== Segment start ==

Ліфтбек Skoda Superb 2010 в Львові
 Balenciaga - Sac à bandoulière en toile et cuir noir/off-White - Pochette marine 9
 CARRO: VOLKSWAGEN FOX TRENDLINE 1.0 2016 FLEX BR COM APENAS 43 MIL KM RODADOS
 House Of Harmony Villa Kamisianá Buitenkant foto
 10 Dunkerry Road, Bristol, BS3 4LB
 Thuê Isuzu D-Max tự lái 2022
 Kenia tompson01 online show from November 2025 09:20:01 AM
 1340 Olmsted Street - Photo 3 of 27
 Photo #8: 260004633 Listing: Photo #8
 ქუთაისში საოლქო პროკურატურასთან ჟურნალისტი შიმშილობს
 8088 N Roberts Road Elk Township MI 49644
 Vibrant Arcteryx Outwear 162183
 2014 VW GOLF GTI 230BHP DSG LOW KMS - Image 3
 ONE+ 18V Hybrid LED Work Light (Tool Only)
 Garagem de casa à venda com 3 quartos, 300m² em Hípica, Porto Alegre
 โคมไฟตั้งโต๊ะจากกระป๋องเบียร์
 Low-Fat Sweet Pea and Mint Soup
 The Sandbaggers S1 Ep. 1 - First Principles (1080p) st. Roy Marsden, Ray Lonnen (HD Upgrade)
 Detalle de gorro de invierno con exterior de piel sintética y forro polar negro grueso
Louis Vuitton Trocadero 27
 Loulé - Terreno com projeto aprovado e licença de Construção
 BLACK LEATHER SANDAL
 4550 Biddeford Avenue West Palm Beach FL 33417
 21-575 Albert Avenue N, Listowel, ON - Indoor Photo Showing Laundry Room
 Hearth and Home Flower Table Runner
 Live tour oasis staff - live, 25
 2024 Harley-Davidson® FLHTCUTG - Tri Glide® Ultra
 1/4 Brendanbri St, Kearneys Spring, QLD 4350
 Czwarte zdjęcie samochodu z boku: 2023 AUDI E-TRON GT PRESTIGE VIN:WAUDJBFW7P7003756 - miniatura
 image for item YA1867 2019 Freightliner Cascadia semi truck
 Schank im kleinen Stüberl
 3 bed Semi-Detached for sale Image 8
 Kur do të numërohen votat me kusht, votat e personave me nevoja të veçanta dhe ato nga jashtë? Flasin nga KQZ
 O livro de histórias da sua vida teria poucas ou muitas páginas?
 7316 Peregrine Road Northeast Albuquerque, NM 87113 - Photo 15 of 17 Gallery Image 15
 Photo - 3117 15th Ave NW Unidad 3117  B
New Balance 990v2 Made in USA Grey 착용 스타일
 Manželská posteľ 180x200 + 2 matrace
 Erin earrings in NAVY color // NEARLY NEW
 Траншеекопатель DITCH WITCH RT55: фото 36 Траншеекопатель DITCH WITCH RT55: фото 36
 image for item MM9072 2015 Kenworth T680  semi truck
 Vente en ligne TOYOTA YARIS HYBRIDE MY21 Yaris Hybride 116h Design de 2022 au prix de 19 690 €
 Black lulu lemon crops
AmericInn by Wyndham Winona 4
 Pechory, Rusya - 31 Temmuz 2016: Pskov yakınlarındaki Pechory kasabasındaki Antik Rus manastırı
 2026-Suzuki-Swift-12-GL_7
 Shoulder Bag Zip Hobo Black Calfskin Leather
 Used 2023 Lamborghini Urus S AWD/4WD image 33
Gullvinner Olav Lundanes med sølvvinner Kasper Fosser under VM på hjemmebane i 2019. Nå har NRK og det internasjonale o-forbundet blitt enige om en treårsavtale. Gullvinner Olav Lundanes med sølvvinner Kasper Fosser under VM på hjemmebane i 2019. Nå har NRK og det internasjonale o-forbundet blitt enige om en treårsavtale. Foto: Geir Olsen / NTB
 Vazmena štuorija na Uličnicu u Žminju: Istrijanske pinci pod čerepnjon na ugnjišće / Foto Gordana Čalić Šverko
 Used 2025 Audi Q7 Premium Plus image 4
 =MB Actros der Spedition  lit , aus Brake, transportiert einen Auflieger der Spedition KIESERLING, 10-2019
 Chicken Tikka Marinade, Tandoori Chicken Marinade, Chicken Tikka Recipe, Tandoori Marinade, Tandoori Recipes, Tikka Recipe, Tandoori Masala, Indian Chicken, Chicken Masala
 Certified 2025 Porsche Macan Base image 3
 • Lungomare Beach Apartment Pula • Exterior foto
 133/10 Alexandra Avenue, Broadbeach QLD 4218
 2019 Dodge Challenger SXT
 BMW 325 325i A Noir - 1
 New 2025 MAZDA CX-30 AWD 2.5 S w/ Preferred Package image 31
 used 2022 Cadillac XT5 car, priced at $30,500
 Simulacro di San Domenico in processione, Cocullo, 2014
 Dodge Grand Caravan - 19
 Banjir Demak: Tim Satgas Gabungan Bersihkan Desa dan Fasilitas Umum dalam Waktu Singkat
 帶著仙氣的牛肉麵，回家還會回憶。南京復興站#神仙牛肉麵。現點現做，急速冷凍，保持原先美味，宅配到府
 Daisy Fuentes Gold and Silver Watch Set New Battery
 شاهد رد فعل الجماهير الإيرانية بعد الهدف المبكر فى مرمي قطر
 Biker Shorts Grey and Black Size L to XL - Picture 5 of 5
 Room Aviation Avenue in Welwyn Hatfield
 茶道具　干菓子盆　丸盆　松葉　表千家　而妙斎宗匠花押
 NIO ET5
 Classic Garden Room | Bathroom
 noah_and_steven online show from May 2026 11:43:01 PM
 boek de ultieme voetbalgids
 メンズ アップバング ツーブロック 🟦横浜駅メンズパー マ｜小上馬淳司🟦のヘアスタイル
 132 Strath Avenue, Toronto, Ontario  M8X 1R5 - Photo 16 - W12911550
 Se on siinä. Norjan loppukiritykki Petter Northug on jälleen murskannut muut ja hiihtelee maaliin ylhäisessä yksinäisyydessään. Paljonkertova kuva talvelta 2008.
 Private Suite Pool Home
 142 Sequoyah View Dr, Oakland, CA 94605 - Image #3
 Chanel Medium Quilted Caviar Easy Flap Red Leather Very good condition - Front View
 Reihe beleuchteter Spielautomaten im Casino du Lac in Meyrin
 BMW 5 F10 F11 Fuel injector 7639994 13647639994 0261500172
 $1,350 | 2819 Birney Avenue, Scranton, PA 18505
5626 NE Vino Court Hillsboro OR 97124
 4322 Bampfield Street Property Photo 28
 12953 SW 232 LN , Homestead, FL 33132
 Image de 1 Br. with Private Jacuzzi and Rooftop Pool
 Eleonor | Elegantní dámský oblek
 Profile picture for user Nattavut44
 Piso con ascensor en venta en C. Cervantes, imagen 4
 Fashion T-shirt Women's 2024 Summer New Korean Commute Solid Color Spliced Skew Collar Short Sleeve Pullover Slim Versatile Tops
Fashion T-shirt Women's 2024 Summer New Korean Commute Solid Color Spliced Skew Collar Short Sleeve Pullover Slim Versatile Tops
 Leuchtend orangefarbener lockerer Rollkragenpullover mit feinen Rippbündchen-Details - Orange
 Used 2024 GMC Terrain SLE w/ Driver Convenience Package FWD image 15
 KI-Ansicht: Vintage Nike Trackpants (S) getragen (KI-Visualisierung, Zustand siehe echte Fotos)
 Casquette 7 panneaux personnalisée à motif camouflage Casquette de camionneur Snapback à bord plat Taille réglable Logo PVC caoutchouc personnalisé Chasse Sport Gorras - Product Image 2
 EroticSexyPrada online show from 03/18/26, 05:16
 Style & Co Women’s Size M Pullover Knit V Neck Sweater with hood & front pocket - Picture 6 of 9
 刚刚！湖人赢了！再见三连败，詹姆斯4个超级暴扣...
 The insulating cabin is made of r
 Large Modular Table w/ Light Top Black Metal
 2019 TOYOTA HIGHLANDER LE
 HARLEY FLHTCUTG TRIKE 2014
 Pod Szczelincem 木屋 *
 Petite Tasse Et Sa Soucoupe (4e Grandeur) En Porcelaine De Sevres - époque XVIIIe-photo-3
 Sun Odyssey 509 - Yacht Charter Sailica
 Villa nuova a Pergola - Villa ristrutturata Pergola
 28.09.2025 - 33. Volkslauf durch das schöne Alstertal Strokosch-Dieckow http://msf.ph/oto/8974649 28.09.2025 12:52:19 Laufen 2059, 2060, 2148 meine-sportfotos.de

== Segment end ==

● REQUIRED WORK: Set down each line exactly as it appears, starting at the top of the data and ending at the line containing "2014 VW GOLF", and include no other lines.

● ANSWER BOX:
Ліфтбек Skoda Superb 2010 в Львові
 Balenciaga - Sac à bandoulière en toile et cuir noir/off-White - Pochette marine 9
 CARRO: VOLKSWAGEN FOX TRENDLINE 1.0 2016 FLEX BR COM APENAS 43 MIL KM RODADOS
 House Of Harmony Villa Kamisianá Buitenkant foto
 10 Dunkerry Road, Bristol, BS3 4LB
 Thuê Isuzu D-Max tự lái 2022
 Kenia tompson01 online show from November 2025 09:20:01 AM
 1340 Olmsted Street - Photo 3 of 27
 Photo #8: 260004633 Listing: Photo #8
 ქუთაისში საოლქო პროკურატურასთან ჟურნალისტი შიმშილობს
 8088 N Roberts Road Elk Township MI 49644
 Vibrant Arcteryx Outwear 162183
 2014 VW GOLF GTI 230BHP DSG LOW KMS - Image 3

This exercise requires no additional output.